**Your objective**
Please retype the entries that follow exactly as they are, leaving the images behind.

**Supplied records**

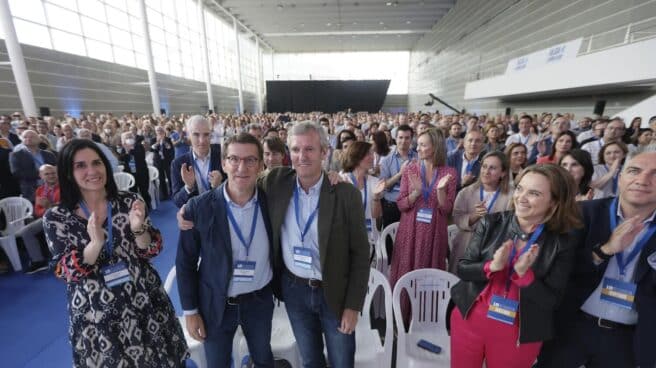 El presidente del PP nacional, Alberto Núñez Feijóo, y el presidente de la Xunta de Galicia, Alfonso Rueda, se abrazan durante la clausura del 18º Congreso Autonómico del PPdeG.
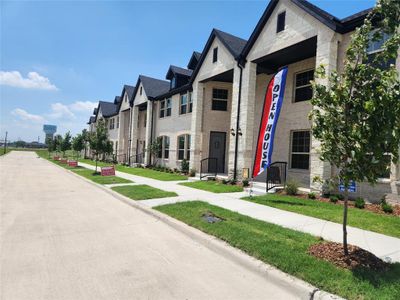 New construction Townhouse house 3645 Geoffrey Trail, Rowlett, TX 75088 - photo 0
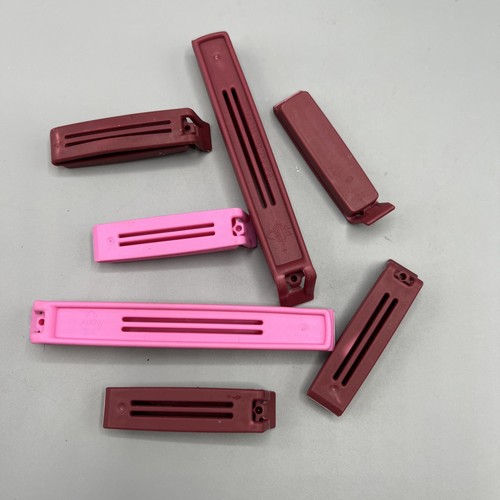 Pampered Chef Twixit Clips Set Of 7 Help With Cancer & Cranberry Small And Large - Picture 6 of 6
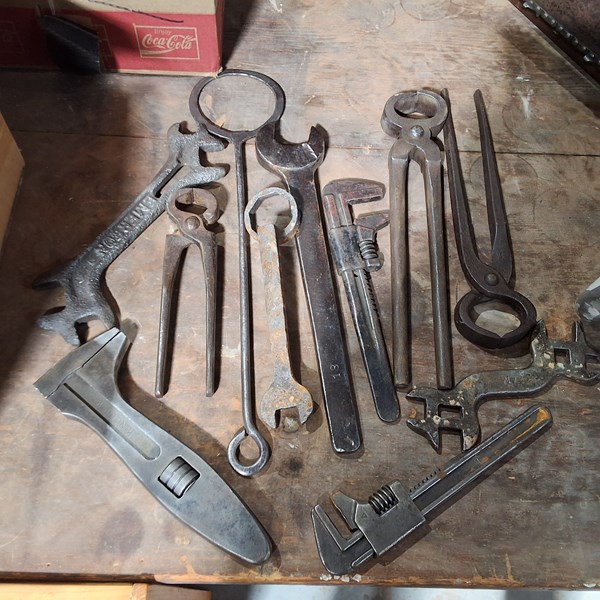 Lot 222 - TOOLS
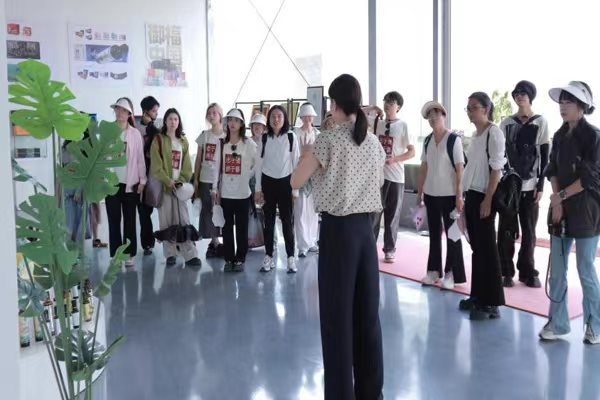 川美设计学院开展研究生暑期社会实践(图1)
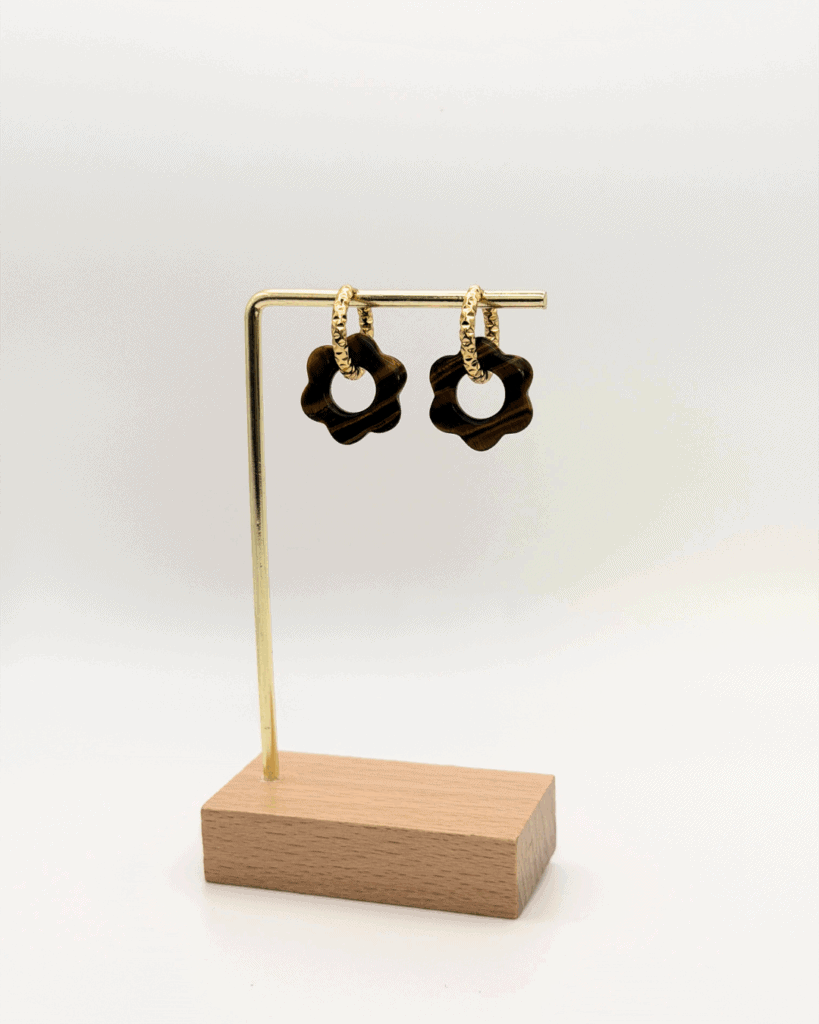 hello so boucle d oreille oeil du tigre fleur martele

**Written answer**
 El presidente del PP nacional, Alberto Núñez Feijóo, y el presidente de la Xunta de Galicia, Alfonso Rueda, se abrazan durante la clausura del 18º Congreso Autonómico del PPdeG.
 New construction Townhouse house 3645 Geoffrey Trail, Rowlett, TX 75088 - photo 0
 Pampered Chef Twixit Clips Set Of 7 Help With Cancer & Cranberry Small And Large - Picture 6 of 6
 Lot 222 - TOOLS
 川美设计学院开展研究生暑期社会实践(图1)
 hello so boucle d oreille oeil du tigre fleur martele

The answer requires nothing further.